Dr Kate Bradley from SSPSSR comments on calls by a Lords select committee to scrap certain benefits for pensioners.

‘The House of Lords’ Select Committee on Intergeneration Fairness and Provision has today called for pensioner benefits – TV licences for the over-75s, free bus passes, and the winter fuel payment – to be scrapped, as today’s pensioners are better off than many working-age people.

‘In a context in which young people are grappling with tuition fees, rising rents, and struggling to get on to the property ladder, these payments to the so-called ‘boomer’ generation seem excessively generous to a generation that has benefited from the welfare state.
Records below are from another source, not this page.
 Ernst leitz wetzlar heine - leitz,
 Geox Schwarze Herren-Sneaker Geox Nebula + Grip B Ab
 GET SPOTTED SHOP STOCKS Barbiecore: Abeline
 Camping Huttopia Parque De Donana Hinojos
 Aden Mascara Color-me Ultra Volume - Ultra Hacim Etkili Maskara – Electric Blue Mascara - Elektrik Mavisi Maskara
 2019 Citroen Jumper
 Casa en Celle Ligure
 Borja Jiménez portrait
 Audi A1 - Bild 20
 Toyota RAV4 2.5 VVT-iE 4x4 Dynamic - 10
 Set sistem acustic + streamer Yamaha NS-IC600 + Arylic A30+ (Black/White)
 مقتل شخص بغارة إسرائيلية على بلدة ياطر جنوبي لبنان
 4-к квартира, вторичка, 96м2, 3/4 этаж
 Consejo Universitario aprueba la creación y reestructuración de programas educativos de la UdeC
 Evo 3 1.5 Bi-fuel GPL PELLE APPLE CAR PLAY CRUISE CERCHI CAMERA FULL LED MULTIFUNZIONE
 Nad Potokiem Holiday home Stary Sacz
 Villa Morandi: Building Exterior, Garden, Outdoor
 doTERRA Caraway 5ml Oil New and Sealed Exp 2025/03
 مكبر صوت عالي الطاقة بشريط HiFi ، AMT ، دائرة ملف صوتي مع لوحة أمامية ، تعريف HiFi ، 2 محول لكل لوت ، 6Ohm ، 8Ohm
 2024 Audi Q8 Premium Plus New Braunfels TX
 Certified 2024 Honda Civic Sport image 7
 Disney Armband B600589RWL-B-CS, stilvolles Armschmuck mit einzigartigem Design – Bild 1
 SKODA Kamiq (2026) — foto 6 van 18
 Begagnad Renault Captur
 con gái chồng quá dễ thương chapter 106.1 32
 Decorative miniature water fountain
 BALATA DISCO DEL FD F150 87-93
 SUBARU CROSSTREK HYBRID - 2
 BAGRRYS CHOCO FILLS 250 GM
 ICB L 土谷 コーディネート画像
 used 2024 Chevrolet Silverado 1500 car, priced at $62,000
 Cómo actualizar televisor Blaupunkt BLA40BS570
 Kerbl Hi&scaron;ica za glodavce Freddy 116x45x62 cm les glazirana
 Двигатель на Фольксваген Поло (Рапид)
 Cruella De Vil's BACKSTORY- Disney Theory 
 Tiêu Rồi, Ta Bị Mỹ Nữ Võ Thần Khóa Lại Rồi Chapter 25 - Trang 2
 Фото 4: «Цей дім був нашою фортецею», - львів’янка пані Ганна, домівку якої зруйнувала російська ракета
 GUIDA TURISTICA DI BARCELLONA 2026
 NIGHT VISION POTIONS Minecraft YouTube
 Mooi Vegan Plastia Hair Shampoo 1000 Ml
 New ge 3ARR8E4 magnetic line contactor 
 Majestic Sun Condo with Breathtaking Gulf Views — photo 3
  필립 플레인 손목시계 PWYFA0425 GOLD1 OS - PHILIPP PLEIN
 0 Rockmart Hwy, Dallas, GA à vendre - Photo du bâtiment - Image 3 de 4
However, combatting poverty in older age is a long-standing problem.  Before David Lloyd George’s Old Age Pension Act 1908 introduced a non-contributory means-tested pensions, people needed to have had the means to put by savings for their old age, or to have family members who might be able to look after them.  If not, the harsh reality of the workhouse beckoned. Since 1908, pensions have formed the cornerstone of looking after people after they have ceased to work, but remain far from perfect. Successive governments in the twentieth and twenty-first centuries have grappled with how to balance a decent standard of living to pensioners with the cost of this to the public purse.

Pensions are by no means a guarantee of a decent standard of living. From the 1940s, Age UK’s predecessor organisations, Age Concern and Help the Aged, campaigned to draw attention not only to issues with meagre pensions, but also to the impact of isolation, loneliness, and keeping up with rising fuel bills. Those on low pensions and with few other social or financial resources to call on can be at particular risk. These are also not necessarily the problems faced by recent retirees, but can beset people as they progress into their eighties and beyond – the ‘oldest old’. As the British population has steadily aged over many decades, so too has the need to tackle the challenges faced by this group.

‘Following years of campaigning, these pensioner benefits were introduced by the 1997 Labour government, through the Transport Act 2000 and the Communication Act 2003.  These benefits are a major undertaking on the public purse. However, on a human level, these benefits offer a lot of good, from keeping someone engaged and entertained during a long day at home, or giving them the chance to get out without being reliant on family, or driving a car when they are not fit to do so.  Age UK’s own research[1] finds that the winter fuel payment prevents on average 12,000 deaths a year, and reduces strain on the NHS and social care services.

‘Cutting these benefits might seem like a quick and easy route to evening up the balance between the ‘boomers’ and ‘millennials’.  Yet it will be a retrograde step in dealing with the problems faced, not by the apparently wealthy boomers, but by some of the most vulnerable members of our society.